Basidioma: pileo-stipitato; carnoso, eterogeneo, a silhouette amanitoide; gregario o meno frequentemente singolo.

Imenoforo: a lamelle libere allo stipite, con collarium; bianco-crema sfumate di rosa nei giovani esemplari, poi rosa carnicino tenue, a maturazione; presenza di lamellule larghe e ventricose.

Pileo: da 3 a 15 cm di diametro; da emisferico, in seguito conico-convesso, infine appianato, con umbone più o meno pronunciato, talvolta depresso; margine appendicolato da resti di velo biancastri; cuticola asciutta, liscia o un po’ granulosa, leggermente squamulosa al margine, con tempo secco si screpola; di colore bianco sporco o crema, nella zona discale presenta tonalità cinerognole-nocciola o crema-brunastre.

Stipide: 4-12 × 0,7-2 cm, cilindrico, talvolta incurvato o flessuoso, ingrossato verso la base bulbosa, con superficie liscia nella parte alta, un po’ fibrillosa verso il basso, colore dal bianco all’avorio; da pieno a farcito a cavo; ornato da un anello semplice membranoso con un bordino giallo osservabile prima che si separi dal margine del cappello, dapprima a polsino, successivamente mobile.

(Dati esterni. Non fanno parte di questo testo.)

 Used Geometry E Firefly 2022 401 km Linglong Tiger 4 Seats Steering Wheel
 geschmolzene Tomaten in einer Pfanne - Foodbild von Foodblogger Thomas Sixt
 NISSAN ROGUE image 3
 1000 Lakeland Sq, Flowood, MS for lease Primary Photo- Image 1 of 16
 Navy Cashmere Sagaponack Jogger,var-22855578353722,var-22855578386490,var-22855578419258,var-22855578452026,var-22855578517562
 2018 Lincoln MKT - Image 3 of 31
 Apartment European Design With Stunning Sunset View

Stroma: bianco, immutabile; nel pileo dapprima sodo e poi tenero, fibroso nello stipite; odore tenue fungino; sapore dolce.

Spore: 7x4 μm, largamente ellittiche, lisce, ialine, con evidente poro germinativo; metacromatiche; sporata in massa bianca.

habitat: specie a nutrizione saprotrofica; si sviluppa in coltivi, parchi, vigne, prati; dall’estate all’autunno inoltrato.

commestibilità: commestibile, anche se, per casi isolati, risulta “pesante di stomaco”, dunque se ne sconsiglia il consumo.

Note: diffuso un po’ dovunque ma non molto comune; per la nostra​ esperienza professionale, risulta indigesto e, quindi, viste anche le caratteristiche organolettiche scadenti, da non consumare.

Confondibilità: si può confondere con Agaricus bianchi che però hanno lamelle prima rosa poi bruno cacao a maturazione; da non confondere con Amanita Verna o A. virosa dotate di volva basale.